J’ai travaillé aux côtés de l’historien Gérald Steinacher, qui reste la référence absolue sur le sujet. Il a mené dix années de recherches avant de publier son livre “Les nazis en fuite“, et il continue toujours aujourd’hui. À partir de ses travaux, je me suis rendue dans le Sud-Tyrol, puis à Rome, et également à Washington au Mémorial de l’Holocauste, où se trouvent des archives très importantes. Dans les faits, Steinacher ayant déjà exploré le sujet de manière très approfondie, je savais que j’avais peu de chances de découvrir quelque chose qui lui aurait échappé.
Peut-on dire que ces exfiltrations étaient avant tout le résultat d’initiatives individuelles plutôt que d’une organisation institutionnelle ?
Oui, car il n’y a jamais eu d’ordre venu d’en haut. Les filières se sont construites de manière informelle, par le bouche-à-oreille. Une personne savait qu’un prêtre pouvait aider, qui lui-même connaissait un religieux dans un autre monastère, et ainsi de suite. En réalité, ce sont ces initiatives personnelles qui ont fini par former une véritable filière, ce qui rend d’ailleurs très difficile toute idée de responsabilité directe du Vatican en tant qu’institution.
Le contexte géopolitique de l’après-guerre a-t-il favorisé ces fuites ?
Oui il a joué un rôle déterminant. Dès 1947, les services secrets américains connaissaient l’existence de prêtres et d’évêques impliqués. Ce n’était pas aussi secret qu’on pourrait l’imaginer. Et surtout, l’Europe sortait d’un chaos monumental. Des millions de personnes étaient déplacées, souvent sans papiers, et les administrations tentaient tant bien que mal de rétablir des identités. Il suffisait parfois de deux témoins pour valider un nom. Les autorités ne disposaient pas toujours de photos ou de listes complètes. Même Eichmann a longtemps échappé aux enquêteurs faute d’une simple photographie. À partir de 1947, avec le début de la guerre froide, les priorités ont changé. La lutte contre le communisme a pris le dessus, et la traque des criminels nazis a été reléguée au second plan.
De nouvelles recherches ont-elles été lancées depuis votre travail ?
Oui, Gérald Steinacher continue d’enquêter. Il reste encore beaucoup de zones d’ombre, notamment sur des figures comme Josef Mengele, pour lesquelles certaines pistes n’ont jamais été totalement confirmées.
Quelles ont été les principales difficultés rencontrées lors de la réalisation du documentaire ?

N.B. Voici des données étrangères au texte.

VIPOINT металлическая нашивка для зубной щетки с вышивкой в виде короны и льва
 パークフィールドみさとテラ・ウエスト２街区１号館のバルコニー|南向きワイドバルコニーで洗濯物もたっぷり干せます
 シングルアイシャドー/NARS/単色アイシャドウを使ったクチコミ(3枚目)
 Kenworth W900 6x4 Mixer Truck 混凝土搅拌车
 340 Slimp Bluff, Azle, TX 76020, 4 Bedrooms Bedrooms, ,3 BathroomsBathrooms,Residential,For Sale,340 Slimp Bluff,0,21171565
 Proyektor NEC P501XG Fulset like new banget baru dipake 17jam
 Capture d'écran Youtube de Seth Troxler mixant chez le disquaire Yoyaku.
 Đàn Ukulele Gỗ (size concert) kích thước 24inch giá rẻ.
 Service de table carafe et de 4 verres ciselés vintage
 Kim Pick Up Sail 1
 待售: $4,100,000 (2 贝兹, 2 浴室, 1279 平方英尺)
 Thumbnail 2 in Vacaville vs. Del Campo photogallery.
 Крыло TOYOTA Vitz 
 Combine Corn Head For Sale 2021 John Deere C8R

La plus grande difficulté concernait la narration. Le sujet est extrêmement complexe. Les archives sont techniques et les identités multiples. À la télévision, il faut rendre les choses compréhensibles en 52 minutes. Cela impose de simplifier sans déformer, de vulgariser sans perdre la solidité de l’enquête. Sur le plan humain, en revanche, j’ai été très touchée par l’honnêteté de certaines personnes, comme Michael Max, le recteur de Santa Maria dell’Anima. Il a été totalement transparent, alors que ces éléments ne sont pas flatteurs pour son Église. L’ampleur exacte de ce réseau reste difficile à évaluer, car presque tous voyageaient sous de fausses identités. On connaît surtout les cas les plus célèbres.
Avec le recul, qu’est-ce qui vous semble le plus étonnant dans cette histoire ?
Ce qui me frappe, c’est que l’Église constituait un réseau idéal. Elle était déjà présente partout, organisée, structurée. Elle disposait de lieux d’accueil, de moyens logistiques et d’un personnel habitué à gérer les déplacements. En quelque sorte, tout était déjà en place. Il aura suffi de quelques initiatives individuelles pour transformer ce réseau préexistant en une filière d’exfiltration efficace.
Propos recueillis par Jean-Baptiste Stoecklin.